Son précédent livre « vous n’aurez pas ma haine » relatait lui, la vie juste après, les jours qui ont suivi cette terrible disparition. Si je n’ai pas lu ses deux récits, j’en ai lu des extraits et j’ai écouté des interventions de l’auteur, qui m’a touché par sa sincérité, sa simplicité et son courage. Un courage de continuer la vie, jour après jour, la force d’aimer son petit garçon, mais aussi sa femme, plus encore les autres.

Il ne vous est pas proposé dans cette destination de choisir quelque chose d’aussi fort que ce nous donne à lire Antoine Leiris, mais de vous focaliser sur l’après, ce qui fait suite à un événement, en le plaçant dans l’ombre, au second plan, voire en n’en parlant pas.

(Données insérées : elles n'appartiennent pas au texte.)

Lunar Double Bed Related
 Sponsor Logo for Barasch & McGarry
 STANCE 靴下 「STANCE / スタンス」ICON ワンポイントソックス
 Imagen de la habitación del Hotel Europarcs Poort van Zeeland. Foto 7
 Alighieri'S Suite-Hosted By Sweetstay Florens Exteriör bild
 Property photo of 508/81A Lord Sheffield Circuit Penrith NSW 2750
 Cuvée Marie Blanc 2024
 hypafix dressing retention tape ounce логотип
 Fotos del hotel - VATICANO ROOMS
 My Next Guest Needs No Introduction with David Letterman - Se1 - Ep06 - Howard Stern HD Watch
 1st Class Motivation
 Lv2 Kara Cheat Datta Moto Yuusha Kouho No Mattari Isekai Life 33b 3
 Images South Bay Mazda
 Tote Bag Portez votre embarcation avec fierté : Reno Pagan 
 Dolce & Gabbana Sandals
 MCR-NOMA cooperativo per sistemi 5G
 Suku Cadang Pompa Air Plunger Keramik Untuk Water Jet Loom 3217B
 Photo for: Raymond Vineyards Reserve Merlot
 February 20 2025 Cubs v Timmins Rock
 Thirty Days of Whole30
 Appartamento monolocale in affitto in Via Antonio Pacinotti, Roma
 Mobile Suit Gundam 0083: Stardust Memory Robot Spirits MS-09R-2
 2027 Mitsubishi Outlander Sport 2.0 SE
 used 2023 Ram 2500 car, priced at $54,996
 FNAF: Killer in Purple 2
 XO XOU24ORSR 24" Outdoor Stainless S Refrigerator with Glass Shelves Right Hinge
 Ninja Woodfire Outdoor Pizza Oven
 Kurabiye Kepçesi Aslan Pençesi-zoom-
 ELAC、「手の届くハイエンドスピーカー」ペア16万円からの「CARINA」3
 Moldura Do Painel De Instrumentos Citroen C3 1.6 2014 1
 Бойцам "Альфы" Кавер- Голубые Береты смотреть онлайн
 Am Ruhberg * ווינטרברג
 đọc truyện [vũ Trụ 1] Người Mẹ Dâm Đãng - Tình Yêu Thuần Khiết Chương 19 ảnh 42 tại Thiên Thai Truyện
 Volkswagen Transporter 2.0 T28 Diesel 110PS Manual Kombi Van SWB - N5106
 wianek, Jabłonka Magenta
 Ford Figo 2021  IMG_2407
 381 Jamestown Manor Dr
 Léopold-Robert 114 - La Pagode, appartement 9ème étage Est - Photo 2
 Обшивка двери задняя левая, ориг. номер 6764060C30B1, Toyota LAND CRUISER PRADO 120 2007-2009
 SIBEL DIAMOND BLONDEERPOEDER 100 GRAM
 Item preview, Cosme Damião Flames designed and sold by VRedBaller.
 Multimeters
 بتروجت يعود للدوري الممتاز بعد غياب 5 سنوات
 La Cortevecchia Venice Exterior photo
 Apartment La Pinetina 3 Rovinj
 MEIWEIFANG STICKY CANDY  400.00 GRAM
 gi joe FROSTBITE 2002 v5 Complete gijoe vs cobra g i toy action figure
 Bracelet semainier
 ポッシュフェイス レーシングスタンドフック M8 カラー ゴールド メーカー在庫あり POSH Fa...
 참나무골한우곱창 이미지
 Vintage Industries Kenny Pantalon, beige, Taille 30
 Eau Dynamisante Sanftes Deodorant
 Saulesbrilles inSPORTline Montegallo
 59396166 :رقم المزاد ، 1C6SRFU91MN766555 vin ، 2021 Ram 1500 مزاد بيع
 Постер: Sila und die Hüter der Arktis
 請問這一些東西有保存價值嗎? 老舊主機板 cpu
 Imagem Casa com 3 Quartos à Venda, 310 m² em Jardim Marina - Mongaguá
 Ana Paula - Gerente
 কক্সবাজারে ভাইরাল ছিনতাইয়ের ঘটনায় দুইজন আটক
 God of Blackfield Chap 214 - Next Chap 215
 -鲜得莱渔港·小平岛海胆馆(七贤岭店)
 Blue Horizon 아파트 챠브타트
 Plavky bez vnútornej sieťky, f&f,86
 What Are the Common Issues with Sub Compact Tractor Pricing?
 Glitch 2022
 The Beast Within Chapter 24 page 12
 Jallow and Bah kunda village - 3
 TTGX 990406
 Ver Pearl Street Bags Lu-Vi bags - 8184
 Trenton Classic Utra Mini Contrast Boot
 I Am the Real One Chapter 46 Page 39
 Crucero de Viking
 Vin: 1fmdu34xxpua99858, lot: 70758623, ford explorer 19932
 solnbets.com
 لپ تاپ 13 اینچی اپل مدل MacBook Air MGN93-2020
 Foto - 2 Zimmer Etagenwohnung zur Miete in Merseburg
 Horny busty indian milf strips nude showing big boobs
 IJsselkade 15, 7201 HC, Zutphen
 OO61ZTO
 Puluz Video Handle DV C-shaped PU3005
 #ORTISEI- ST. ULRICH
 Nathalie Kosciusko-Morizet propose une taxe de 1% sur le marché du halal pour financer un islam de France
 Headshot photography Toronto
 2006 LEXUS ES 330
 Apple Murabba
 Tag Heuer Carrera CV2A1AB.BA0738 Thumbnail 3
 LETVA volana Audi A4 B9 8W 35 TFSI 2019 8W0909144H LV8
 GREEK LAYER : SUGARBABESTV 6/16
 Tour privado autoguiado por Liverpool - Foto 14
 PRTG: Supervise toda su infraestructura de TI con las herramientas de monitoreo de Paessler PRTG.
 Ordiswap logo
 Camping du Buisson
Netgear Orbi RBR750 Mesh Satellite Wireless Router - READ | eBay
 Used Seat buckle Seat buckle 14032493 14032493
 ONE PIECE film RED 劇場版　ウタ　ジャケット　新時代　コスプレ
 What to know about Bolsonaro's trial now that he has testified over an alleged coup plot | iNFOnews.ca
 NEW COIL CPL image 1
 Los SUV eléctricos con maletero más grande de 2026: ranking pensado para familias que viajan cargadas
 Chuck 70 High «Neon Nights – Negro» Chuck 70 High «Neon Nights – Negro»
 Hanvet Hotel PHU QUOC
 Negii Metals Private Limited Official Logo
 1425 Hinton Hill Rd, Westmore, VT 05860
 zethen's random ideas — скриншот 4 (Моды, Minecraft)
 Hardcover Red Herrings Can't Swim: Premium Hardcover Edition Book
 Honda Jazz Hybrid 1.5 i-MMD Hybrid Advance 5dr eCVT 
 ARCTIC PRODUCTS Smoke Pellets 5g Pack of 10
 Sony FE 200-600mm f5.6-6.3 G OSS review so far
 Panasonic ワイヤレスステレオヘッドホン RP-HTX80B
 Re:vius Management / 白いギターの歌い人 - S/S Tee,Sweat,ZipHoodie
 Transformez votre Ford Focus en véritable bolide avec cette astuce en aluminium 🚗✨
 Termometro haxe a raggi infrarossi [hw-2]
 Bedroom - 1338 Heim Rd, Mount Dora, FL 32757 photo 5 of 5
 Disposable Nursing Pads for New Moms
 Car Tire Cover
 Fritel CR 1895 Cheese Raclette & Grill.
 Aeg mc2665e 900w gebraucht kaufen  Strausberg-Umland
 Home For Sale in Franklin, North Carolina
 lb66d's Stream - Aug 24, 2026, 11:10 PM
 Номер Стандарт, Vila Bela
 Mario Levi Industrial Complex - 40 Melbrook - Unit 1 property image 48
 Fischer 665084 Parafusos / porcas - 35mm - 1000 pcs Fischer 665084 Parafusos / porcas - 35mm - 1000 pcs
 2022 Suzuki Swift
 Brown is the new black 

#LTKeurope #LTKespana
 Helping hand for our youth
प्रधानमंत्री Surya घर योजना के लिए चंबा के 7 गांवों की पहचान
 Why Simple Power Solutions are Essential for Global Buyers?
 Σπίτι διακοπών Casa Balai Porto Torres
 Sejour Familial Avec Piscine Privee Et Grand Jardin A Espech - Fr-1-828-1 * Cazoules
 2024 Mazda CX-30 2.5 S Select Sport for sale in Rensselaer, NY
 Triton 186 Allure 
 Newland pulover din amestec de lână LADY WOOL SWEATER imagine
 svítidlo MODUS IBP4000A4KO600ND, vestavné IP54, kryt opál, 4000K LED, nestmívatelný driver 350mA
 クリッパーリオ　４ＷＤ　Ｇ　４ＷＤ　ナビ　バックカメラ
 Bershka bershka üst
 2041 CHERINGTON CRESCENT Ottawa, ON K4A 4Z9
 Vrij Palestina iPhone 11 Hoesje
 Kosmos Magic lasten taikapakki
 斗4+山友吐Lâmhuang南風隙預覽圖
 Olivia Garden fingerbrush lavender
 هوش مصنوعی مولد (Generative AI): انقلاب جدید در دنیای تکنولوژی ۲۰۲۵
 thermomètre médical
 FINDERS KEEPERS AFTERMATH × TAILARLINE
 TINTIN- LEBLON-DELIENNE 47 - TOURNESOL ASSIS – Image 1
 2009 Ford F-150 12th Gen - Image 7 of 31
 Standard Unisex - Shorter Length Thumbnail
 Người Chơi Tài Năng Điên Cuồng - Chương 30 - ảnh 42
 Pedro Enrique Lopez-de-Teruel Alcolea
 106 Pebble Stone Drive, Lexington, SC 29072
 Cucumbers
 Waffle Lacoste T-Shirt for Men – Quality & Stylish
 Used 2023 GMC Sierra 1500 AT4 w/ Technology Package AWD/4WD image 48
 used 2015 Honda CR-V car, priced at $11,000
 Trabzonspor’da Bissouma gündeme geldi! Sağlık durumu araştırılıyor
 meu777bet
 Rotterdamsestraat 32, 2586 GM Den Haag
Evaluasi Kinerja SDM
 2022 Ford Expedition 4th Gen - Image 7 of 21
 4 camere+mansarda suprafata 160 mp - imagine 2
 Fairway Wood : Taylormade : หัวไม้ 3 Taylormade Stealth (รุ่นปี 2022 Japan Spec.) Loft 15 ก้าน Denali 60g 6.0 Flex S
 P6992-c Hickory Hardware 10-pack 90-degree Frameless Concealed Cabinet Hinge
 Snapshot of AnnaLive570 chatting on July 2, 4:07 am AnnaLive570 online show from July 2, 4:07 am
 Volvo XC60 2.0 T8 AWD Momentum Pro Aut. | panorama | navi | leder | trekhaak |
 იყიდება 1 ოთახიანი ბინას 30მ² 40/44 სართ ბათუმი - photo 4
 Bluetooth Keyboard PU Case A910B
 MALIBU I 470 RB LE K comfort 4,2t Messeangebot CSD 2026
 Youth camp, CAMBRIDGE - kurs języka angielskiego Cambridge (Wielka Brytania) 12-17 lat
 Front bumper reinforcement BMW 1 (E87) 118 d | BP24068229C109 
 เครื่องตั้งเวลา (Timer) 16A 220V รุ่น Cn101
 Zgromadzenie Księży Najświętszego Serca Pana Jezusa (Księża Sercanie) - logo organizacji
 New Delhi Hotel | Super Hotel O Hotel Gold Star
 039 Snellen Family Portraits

Vous pouvez écrire : après une naissance, après un divorce, après un licenciement, après une rencontre. L’idée est de ce concentrer sur les répliques qui font suite au séisme, sur la recherche des victimes, la reconstruction, sans que le séisme lui-même soit relaté, traité. Je prends ici l’image du séisme, mais tout autre événement fera l’affaire, interrogez-vous, fouillez l’actualité…

Dans la même veine du décalage, du décentrage, il est aussi possible d’écrire « à côté », c’est à dire de parler, de raconter un endroit proche d’un autre, célèbre. Ainsi, il est possible d’écrire un texte qui tirera sa force d’une description d’un vie peut-être misérable, difficile, dans un quartier adjacent au Taj Mahal ou encore d’un petit port de pêcheur jouxtant Venise. Vous voyez là l’importance du contraste avec ce qui ne sera pas décrit mais que tout le monde peut imaginer. Ainsi des contrastes faste / misère, lumière / nuit, beauté / laideur, calme / agitation, devraient être particulièrement porteurs.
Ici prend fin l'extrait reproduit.